Véronique Courjault, une mère jugée pour trois infanticides de nouveaux-nés mis au monde clandestinement, a été condamnée jeudi à huit ans de prison, au terme d'un procès complexe et très suivi en France.

Après un dernier regard à son mari et avoir touché la main d'une de ses soeurs, l'accusée, une petite brune de 41 ans à la mise ordinaire, a quitté son box, en larmes. Elle était pourtant restée impassible à l'annonce du verdict, rendu après presque huit heures de délibéré.

Jugée pour «assassinats», Mme Courjault encourait la réclusion criminelle à perpétuité.

L'avocat général avait requis la veille 10 ans de prison.

«Ne diabolisez pas Véronique Courjault, mais n'en faites pas une icône non plus», avait-il demandé.

«Cette femme a commis une faute, un crime, mais ce n'est pas un monstre», avait lancé pour sa part, la voix brisée par l'émotion, Henri Leclerc, l'un des conseils de Véronique Courjault.

Une grande partie du procès, commencé le 9 juin, avait tourné autour du degré de conscience qu'avait Mme Courjault des actes qu'elle avait commis.

L'avocat général a exprimé sa certitude qu'il ne s'agissait «en aucun cas d'un déni de grossesse», ce phénomène qui fait qu'une femme ne se sait pas ou refuse d'admettre qu'elle est enceinte, son entourage n'y voyant que du feu.

Dans son ultime déclaration à la cour, le visage rouge envahi par les larmes, Véronique Courjault a murmuré: «J'ai essayé de m'expliquer comme j'ai pu, je sais que mes mots ne sont pas souvent à la hauteur...».

«Je voudrais dire que j'ai conscience d'avoir tué nos enfants et que c'est quelque chose qui me restera longtemps», a-t-elle poursuivi en jetant un coup d'oeil vers son mari, qui n'a cessé de lui marquer son soutien.

Mme Courjault avait déjà reconnu que ce procès lui avait «permis de prendre conscience de plein de choses». «Mais je n'ai toujours pas de réponse», avait-elle précisé.

Pourquoi cette mère de deux enfants - âgés de 12 et 14 ans -, présentée par ses proches comme «une bonne maman, discrète, gentille», a-t-elle tué ses trois bébés? Des actes qu'elle a elle-même qualifiés de «monstrueux et inexplicables».

«J'ai eu conscience d'être enceinte, cette conscience je l'ai perdue à un moment. Pour moi, je n'attendais pas de bébés», a expliqué l'accusée.

Faux, ont rétorqué les experts-psychiatres qui l'ont examinée.

«Elle savait qu'elle était enceinte et que la mort était la conséquence inévitable de sa dissimulation», a affirmé le docteur Paul Bensussan.

Pour le docteur Fanny Puel-Metivier, elle a «rangé cette réalité dans un tiroir de sa tête et parfois l'ouvrait avant de vite le refermer».

C'est la découverte par le mari, à l'été 2006, de deux petits cadavres dans le congélateur familial à Séoul, qui avait lancé l'affaire.

Après avoir nié, Véronique Courjault a finalement reconnu être la mère.
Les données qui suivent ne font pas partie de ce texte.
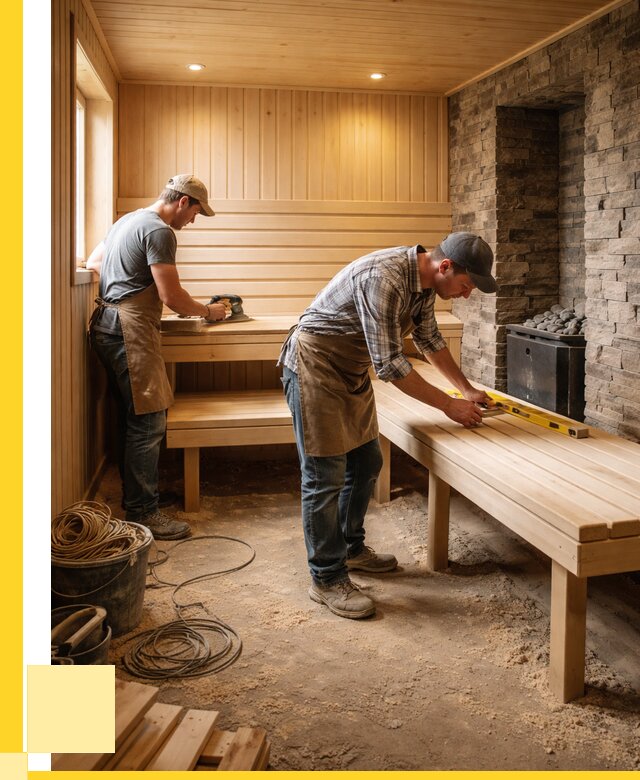 Отделка бани в Фурманове: внутренняя отделка от 3056 р. | ЭриданФрв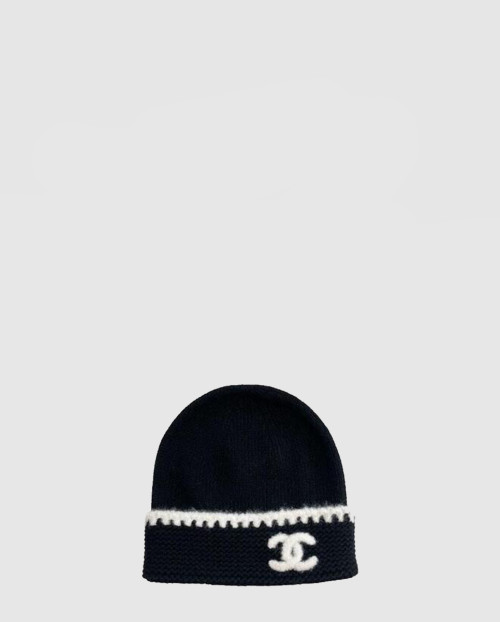 [CHANEL-샤넬]로고 캐시미어 비니 AA9203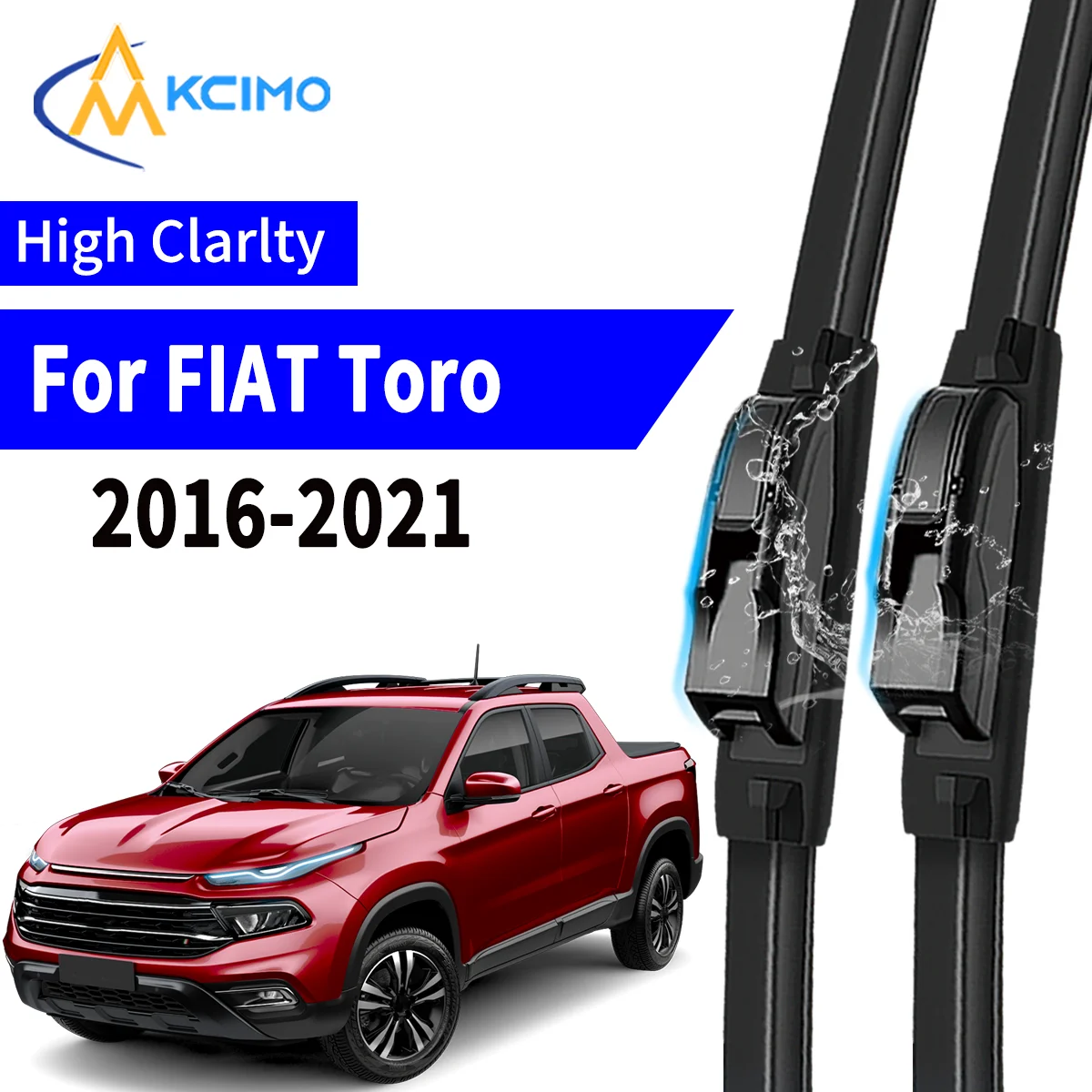 

2pcs Car Wiper For FIAT Toro pickup 2016-2021 Front Windscreen Wiper Blade Silent Soft Rubber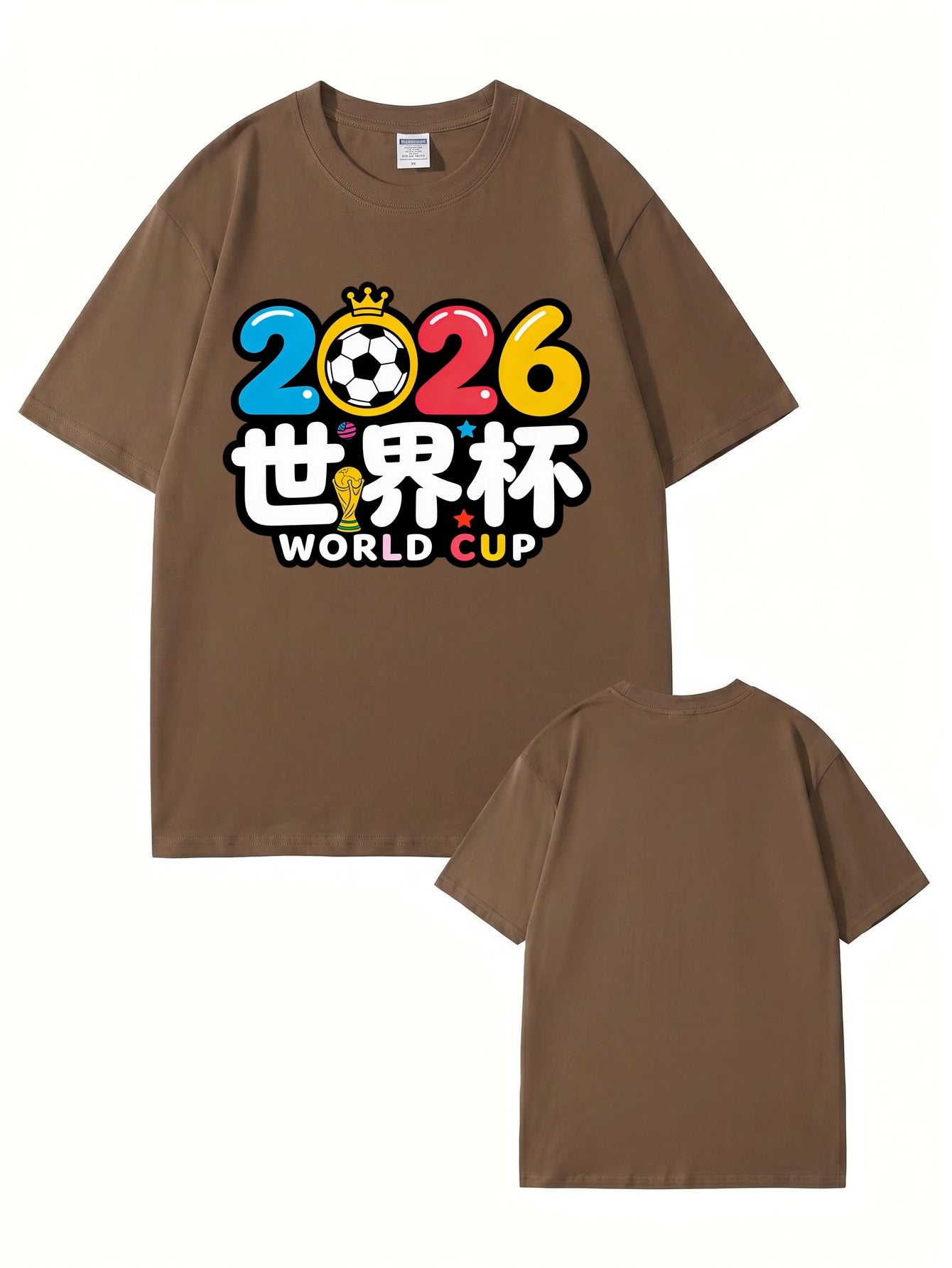 2026 World Cup Soccer Graphic T-Shirt - Premium Cotton Tee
Et a avoué trois infanticides de nouveaux-nés: le premier, dont elle a brûlé le corps, est né en France à l'été 1999; les deux autres, en septembre 2002 et décembre 2003, à Séoul où son mari, ingénieur, travaillait pour une société américaine.

Jean-Louis, 42 ans, a été mis hors de cause après avoir été dans un premier temps inculpé pour «complicité d'assassinats». Il s'est montré très soulagé jeudi soir.

«C'est une peine qui va nous permettre de reconstruire, d'entrevoir le bout du tunnel. Je viens de l'annoncer à mes enfants et je peux vous assurer qu'il y a de la joie à la maison. Dans quelques temps (....), quelques mois (...), Véronique pourra retrouver ses enfants et ce sera le début du renouveau», a-t-il dit à la presse.